[2164] in linux-scsi channel archive
Driver bug ?
daemon@ATHENA.MIT.EDU (m.j.s.vandoesburg@student.utwente.)
Wed Jul 16 23:05:57 1997
From: m.j.s.vandoesburg@student.utwente.nl
Date: Tue, 15 Jul 1997 11:10:18 +0200
To: linux-scsi@vger.rutgers.edu
System: Linux 2.0.30 (also 1.2.13 and 2.0.28)
(Linux and BSD NCR810 driver)
adapter: NCR810 (active termination) (Symbios 53C810 chip)
Harddisk: HP C3325A Rev: 6066
Termination: OK
Cable: 50cm and OK
Other devices on SCSI bus: none
Problem: My harddisk crashes when running a (faulty) program.
When using a program of which I know has got a bug in it (it creates a
doubly linked list and uses the pointer of an object after calling free)
my harddisk crashes. (100% of the time) The first time it happened was
using kernel 1.2.13 (not using the program I currently use to crash my
system) but then I was not able to reproduce the problem. Currently I
am.
What happens ?
The driver tries to reset the drive. Sometimes this succeeds and the computer
continues.
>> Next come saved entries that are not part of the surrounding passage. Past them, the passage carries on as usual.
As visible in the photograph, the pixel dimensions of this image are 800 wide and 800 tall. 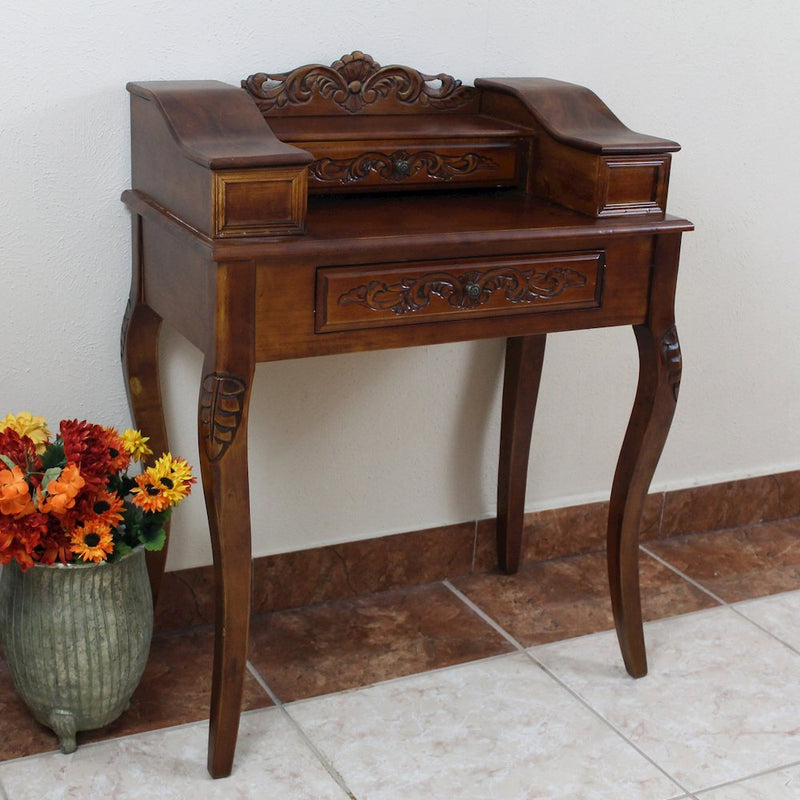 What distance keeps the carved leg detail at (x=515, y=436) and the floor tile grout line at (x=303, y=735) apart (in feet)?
2.07

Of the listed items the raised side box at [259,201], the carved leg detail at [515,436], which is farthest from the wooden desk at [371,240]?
the carved leg detail at [515,436]

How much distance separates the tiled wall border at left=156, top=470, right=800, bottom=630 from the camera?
2238 millimetres

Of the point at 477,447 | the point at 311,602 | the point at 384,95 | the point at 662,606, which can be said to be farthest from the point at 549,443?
the point at 384,95

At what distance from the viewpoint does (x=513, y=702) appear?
6.73ft

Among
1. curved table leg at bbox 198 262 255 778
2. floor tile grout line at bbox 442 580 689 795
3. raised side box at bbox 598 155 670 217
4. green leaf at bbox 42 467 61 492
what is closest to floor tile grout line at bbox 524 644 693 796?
floor tile grout line at bbox 442 580 689 795

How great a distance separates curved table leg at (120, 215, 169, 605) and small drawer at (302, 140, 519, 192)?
323 millimetres

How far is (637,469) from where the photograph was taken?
2012 mm

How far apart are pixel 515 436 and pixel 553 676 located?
1.64ft

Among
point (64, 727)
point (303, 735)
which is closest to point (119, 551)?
point (64, 727)

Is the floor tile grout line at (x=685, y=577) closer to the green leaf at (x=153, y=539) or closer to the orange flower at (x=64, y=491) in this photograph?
the green leaf at (x=153, y=539)

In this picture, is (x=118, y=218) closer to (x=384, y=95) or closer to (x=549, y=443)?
(x=384, y=95)

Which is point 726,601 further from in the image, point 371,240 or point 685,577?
point 371,240

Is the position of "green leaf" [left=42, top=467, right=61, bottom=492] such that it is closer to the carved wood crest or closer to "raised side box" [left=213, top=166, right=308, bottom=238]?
"raised side box" [left=213, top=166, right=308, bottom=238]

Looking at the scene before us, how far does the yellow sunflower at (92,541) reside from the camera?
1.73 metres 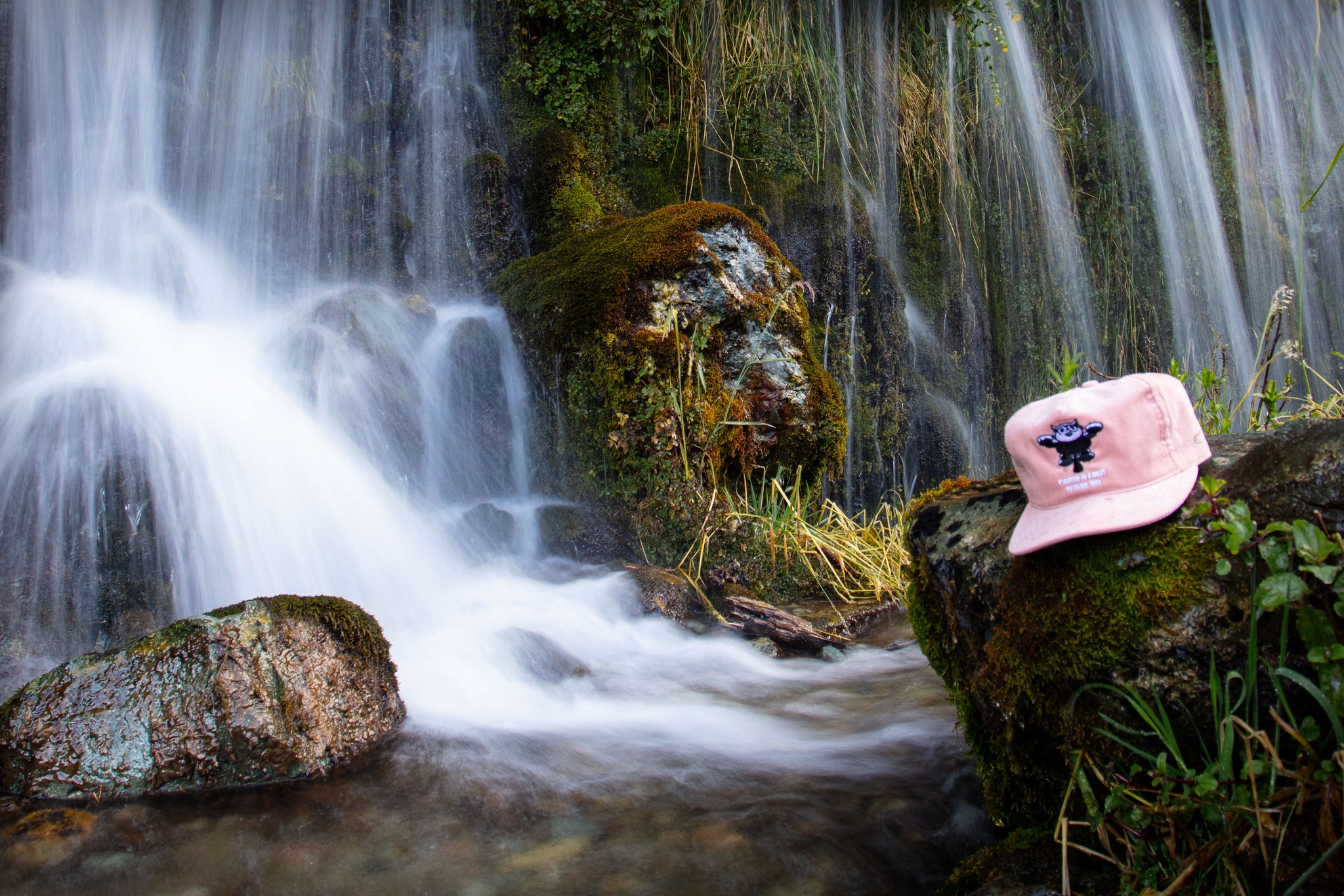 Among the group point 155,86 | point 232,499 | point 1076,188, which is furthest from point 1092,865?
point 1076,188

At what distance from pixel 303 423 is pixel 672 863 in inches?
147

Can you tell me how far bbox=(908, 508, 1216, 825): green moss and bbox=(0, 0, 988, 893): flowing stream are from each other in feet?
1.28

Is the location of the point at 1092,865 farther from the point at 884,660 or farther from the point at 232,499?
the point at 232,499

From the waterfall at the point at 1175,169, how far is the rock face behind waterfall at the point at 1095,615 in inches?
342

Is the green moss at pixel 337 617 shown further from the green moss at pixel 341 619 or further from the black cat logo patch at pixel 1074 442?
the black cat logo patch at pixel 1074 442

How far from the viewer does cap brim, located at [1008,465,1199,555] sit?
1.60m

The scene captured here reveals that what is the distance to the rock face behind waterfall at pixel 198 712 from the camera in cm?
241

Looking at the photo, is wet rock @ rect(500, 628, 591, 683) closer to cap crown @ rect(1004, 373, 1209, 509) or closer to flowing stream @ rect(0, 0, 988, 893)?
flowing stream @ rect(0, 0, 988, 893)

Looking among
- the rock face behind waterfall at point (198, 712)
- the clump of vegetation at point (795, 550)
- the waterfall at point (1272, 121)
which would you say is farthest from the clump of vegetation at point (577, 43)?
the waterfall at point (1272, 121)

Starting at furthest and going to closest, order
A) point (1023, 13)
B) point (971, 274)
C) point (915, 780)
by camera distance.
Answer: point (1023, 13), point (971, 274), point (915, 780)

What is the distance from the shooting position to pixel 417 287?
6559 mm

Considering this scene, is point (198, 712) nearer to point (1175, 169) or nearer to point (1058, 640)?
point (1058, 640)

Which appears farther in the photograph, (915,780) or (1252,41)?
(1252,41)

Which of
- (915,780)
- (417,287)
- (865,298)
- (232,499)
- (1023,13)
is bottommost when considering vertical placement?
(915,780) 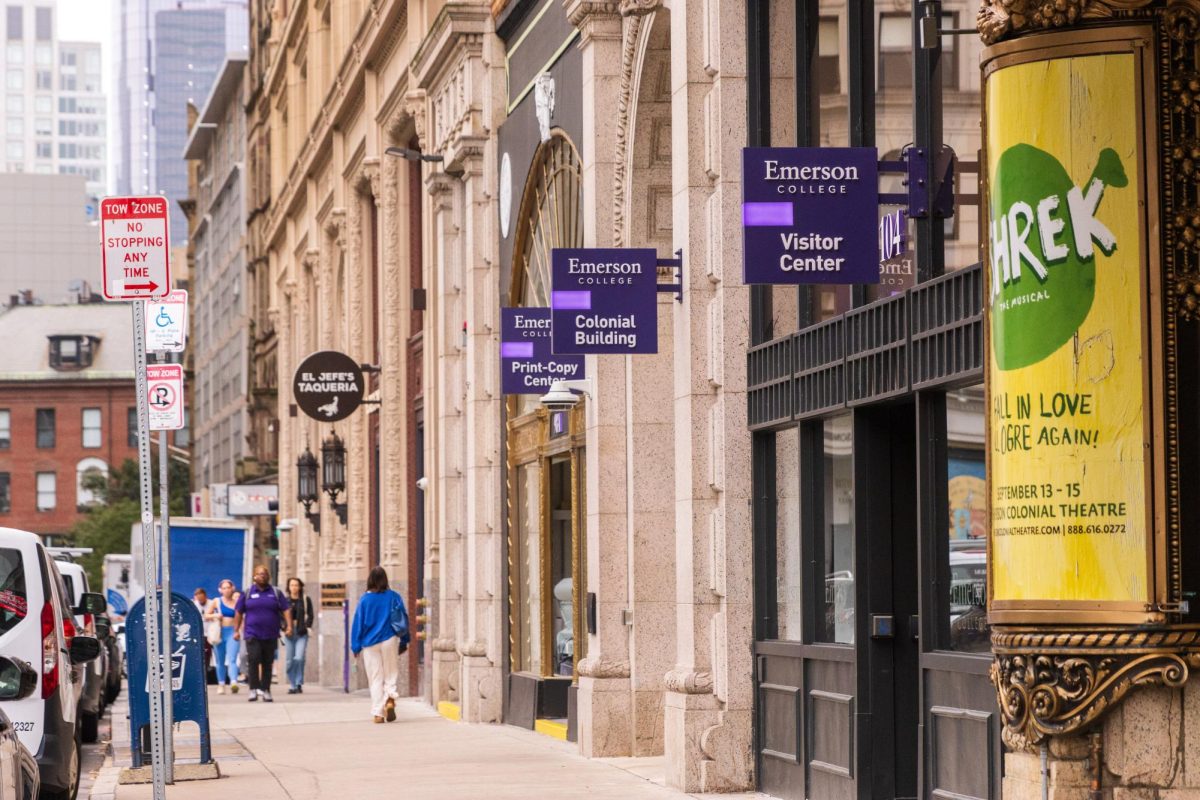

Most of the time the drive just locks up and I have to cut the
power supply to get started again (reset button will reset the computer but
it will hang when the NCR810 tries to detect the HD)
The things I've tried:
1. Changed the system memory
2. Tried another NCR810 controller, this one used passive termination.
(also a SYMBIOS 53C810)
3. Tried another video adapter (I just got a new one just before
the problem occured on a daily basis)
4. Putting the driver in FAST SCSI2, Sync mode etc.. and all combinations
5. Put the drive in SCSI (not SCSI2) mode (changed jumper on drive)
6. Used the BSD instead of the Linux driver.
7. Pulled the power plug out of the drive and reinserted it. (very
hard reset of the drive)
8. Tried to trace the bug by enabling the debug messages but when I do
this the system won't crash. (I could fix the problem by always
producing debug messages and sending them to /dev/null :-)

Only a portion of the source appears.